• _Required work_:
Precisely the lines from the one with "Shinkansen in einem" through the end of the data, both included, must make up the response, each restated word for word.
-- -- --
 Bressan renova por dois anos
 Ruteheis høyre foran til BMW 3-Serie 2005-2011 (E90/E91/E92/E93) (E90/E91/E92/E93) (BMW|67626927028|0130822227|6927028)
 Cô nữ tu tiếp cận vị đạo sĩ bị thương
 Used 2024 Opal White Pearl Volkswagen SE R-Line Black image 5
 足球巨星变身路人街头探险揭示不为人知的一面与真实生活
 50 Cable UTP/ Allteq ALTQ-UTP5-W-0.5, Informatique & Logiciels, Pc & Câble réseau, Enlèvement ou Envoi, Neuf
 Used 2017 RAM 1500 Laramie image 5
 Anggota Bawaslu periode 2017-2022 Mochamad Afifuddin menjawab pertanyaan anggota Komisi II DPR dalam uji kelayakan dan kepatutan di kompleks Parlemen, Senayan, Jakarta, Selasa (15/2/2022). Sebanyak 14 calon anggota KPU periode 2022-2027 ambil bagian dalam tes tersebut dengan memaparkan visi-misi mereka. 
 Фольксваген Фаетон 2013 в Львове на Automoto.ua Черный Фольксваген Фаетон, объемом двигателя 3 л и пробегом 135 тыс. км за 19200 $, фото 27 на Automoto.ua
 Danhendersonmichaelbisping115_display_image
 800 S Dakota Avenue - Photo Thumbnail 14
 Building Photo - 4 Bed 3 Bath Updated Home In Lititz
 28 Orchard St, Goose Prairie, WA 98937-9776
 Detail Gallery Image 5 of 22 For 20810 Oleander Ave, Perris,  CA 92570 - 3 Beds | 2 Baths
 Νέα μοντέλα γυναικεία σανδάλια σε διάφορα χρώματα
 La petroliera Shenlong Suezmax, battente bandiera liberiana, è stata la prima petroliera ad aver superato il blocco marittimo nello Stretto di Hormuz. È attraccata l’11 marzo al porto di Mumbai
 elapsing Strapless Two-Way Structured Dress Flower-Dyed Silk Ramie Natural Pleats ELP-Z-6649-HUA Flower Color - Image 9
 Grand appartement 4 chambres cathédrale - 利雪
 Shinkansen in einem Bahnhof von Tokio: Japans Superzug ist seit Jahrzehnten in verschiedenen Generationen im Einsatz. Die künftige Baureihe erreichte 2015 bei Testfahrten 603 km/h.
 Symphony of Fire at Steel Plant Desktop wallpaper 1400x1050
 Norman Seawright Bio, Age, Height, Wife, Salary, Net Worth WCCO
-- -- --
• _The completed task_:
 Shinkansen in einem Bahnhof von Tokio: Japans Superzug ist seit Jahrzehnten in verschiedenen Generationen im Einsatz. Die künftige Baureihe erreichte 2015 bei Testfahrten 603 km/h.
 Symphony of Fire at Steel Plant Desktop wallpaper 1400x1050
 Norman Seawright Bio, Age, Height, Wife, Salary, Net Worth WCCO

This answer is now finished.